I trying so hard at times not to do this because I don't like when people falsely judge me. Its hurtful, it causes distrust among even the most closest friends, it hardens the heart, bitterness, more backbiting, anger, insecurities, resentmentand more.
I know here at totjo we believe in not judging others by religion, race, creed, sex, gay, straight, ect. And I believe everyone does a Masterful job of doing it I have never felt judged by anyone or felt uncomfortable.
What is judging? Is it all bad? My thoughts are outside my Christian perception is we need to make proper judgements about people, places we go, things we do. So, that in doing we achieve balance in our lives.

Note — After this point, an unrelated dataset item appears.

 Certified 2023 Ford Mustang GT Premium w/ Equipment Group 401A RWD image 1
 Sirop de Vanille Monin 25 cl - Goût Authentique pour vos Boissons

For example, I got an friend I guess you could call him. He attends my wife's church and he's a decent guy in his forties. There was a period of time where we got close and started talking religion and walking five miles a day together for exercise. It started out good and wholesome until, he started showing signs if drug use, hit tempered, if you didn't agree with him on a subject he would get offended, or didn't wanna do something he wanted. Eventually, one day he and I got into a heated argument about someone I knew and I was gonna defend my friend. It was seconds, to getting into a fist fight but, I calm down and restrained myself and we defused the matter. I went home, told my wife, she believed that it wasnt good to walk with him anymore. My wife was worried that we would next time get into a fight and its not good. She was under the popular believe James (The guy I walked with), was a bad influence and the conversations we had were not good and she felt I shouldn't walk with him anymore.
Whew sorry long story...
Then, there is a judgement of choices we make everyday. OK, am I gonna eat at Burger King or, eat at my strict diet or organics and go to the gym?

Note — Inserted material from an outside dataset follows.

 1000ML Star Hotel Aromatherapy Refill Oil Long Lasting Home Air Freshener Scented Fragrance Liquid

One might say, "Oh, well a balance diet will help in your training and weight loss." Another might say, "Oh you can eat what ever you want just go work it off afterwards..."
Personally, looking over judgement I think its virtually impossible to not make judgement calls on certain things. I still think gossip isnt good for you physically, mentally or, spiritually but, can one truly avoid it completely?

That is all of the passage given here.